NVIDIA Kepler speculation thread

Discussion in 'Architecture and Products' started by Kaotik, Sep 21, 2010.

Tags:
  1. AnarchX

    Veteran

    Joined:
    Apr 19, 2007
    Messages:
    1,559
    Likes Received:
    34
    GK104 scaled not very well with its FLOPs performance over GF110.

    So if they can put 1536 FP64 cores in their >500mm² monster and reach the same scaling like on GF110 we could see some nice gaming performance.
     
  2. Arty

    Arty KEPLER
    Veteran

    Joined:
    Jun 16, 2005
    Messages:
    1,906
    Likes Received:
    55
    Xbit's review, overclocking performance against Tahiti: http://www.xbitlabs.com/articles/graphics/display/nvidia-geforce-gtx-680_14.html#sect0

    Overall 4% faster at 19x12 and 0.2% faster at 25x16. From those numbers, AMD doesnt not be concerned about the GK104 threat in the form of the 680. But given the fact that they are behind in key metrics and Nvidia have yet to launch their flagship, they might be worried, plan Bs and Cs cases being thought of.

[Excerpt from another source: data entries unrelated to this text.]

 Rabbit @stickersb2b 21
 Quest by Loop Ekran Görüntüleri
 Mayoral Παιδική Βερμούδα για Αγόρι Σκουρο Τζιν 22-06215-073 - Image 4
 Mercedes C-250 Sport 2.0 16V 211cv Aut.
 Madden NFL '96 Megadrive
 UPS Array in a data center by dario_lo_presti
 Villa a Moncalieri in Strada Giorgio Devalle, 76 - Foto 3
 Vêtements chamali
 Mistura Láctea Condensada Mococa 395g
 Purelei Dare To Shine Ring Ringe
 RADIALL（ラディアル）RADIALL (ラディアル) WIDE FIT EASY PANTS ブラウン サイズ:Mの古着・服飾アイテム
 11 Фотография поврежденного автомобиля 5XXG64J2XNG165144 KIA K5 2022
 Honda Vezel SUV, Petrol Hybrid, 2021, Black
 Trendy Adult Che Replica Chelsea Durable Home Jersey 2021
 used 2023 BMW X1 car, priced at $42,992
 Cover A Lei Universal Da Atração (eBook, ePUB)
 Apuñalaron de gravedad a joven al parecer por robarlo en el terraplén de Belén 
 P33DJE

Perhaps a rejiggle in strategy for Sea/Canary Islands?
     
  3. AnarchX

    Veteran

    Joined:
    Apr 19, 2007
    Messages:
    1,559
    Likes Received:
    34
    Back to DP:

    GF104 SM: one of the three SIMD16 calculated DP in 4 clocks => 4 DP-FMA / 48 SP-FMA per SM
    GK104 SMX: one of the six SIMD32 calculate DP in 4 clocks => 8 DP-FMA /192 SP-FMA per SMX

    Sounds more reasonable?
     
  4. Mize

    Mize 3dfx Fan
    Legend

    Joined:
    Feb 6, 2002
    Messages:
    5,079
    Likes Received:
    1,149
    Location:
    Cincinnati, Ohio USA
    I don't know Arty...quieter, cooler, lower power, lower price. Seems AMD needs to drop about a C-note off the 7970 to "not worry."
     
  5. Arty

    Arty KEPLER
    Veteran

    Joined:
    Jun 16, 2005
    Messages:
    1,906
    Likes Received:
    55
    I did say other metrics ;) and the "not worrying" part was strictly about GK104's performance.
     
  6. DarthShader

    Regular

    Joined:
    Jul 18, 2010
    Messages:
    350
    Likes Received:
    0
    Location:
    Land of Mu
    Whoa, really suprised Kepler can keep that well at higher resolutions, didn't expect it to win some multimonitor tests. :shock:

    But it is now clear where the efficiency gains come from. They took a step back and went for static scheduling.... so what is going to be next in the quest for efficiency - Maxwell is going to be VLIW? :S

    Not sure I buy the asymetric SIMDs (4 vec32 and 4 vec16). Since the scheduling in the compiler now depends on working with known, deterministic latencies of the instructions it issues, wouldn't the compiler have to fully aware it is scheduling "shorter" execution unit, since the latency of the instruction would be increased by 1 clock? So kinda knowing there are x and y exec units, where y has higher latency? What does that gain you? Is that easier to keep track of, than the 4 schedulers having to issue instructions to up to 6 vec32 SIMDS?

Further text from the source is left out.